The Perl code passes this string through a regex that checks the name is valid. Names can include apostrophes (Miles O'Brien) and hyphens (Jean-Luc Picard) along with spaces and normal ASCII letters, so the regex passes and the string is now untainted.

> The Perl code passes this string through a regex that checks the name is valid

I think "parse don't validate" doesn't help in this example, but naively the regex would not check whether a name is valid but "extract all parts of the string that are provenly safe".

Which is not reasonable for SQL statements, so someone invented prepared statements.

I think the idea is that the Regex parsing forces the programmer to think about what they're doing with the string and what the requirements for the non-tainted variable are.

For example, a file name string would not allow unescaped directory separators, dots, line breaks, null bytes (I probably got most details wrong here...) and the regex could remove these or extract the substring until the first forbidden character.

Sure, this cannot prevent mistakes.

But the idea, I think, is not to have a variable "safeUserName", instead a "safeDbStatement" one.

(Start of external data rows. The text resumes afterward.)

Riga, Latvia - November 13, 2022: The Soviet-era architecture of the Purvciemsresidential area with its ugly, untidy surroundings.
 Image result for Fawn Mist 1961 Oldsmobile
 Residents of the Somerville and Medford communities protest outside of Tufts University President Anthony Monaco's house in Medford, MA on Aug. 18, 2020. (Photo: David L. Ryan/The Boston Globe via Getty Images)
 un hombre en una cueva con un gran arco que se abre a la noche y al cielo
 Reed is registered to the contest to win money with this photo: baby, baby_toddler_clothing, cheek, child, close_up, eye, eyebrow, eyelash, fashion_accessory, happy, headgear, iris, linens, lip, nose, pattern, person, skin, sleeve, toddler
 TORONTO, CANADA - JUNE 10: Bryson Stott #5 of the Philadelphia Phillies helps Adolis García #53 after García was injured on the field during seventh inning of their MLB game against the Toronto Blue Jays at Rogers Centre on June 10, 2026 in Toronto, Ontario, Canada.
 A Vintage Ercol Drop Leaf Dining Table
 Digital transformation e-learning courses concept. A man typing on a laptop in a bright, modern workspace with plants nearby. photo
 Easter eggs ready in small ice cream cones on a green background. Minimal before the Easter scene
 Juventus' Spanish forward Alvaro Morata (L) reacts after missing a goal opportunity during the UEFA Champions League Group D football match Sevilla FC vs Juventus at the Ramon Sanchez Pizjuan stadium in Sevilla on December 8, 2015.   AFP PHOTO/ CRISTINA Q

You should be using DBI or something that builds on DBI to use prepared statements for database interactions. That’s why it’s called the DataBase Interface.

Nice idea, thank you! I think it should be possible to make a Python object behave in a similar way (crashing when converted to string / ...), need to see if I can make it work.

In PHP, you can construct objects directly from $_GET/POST (and erase everything from these vars to make sure they are not used directly), then lean on data types to make sure that these values are not used in a wrong place.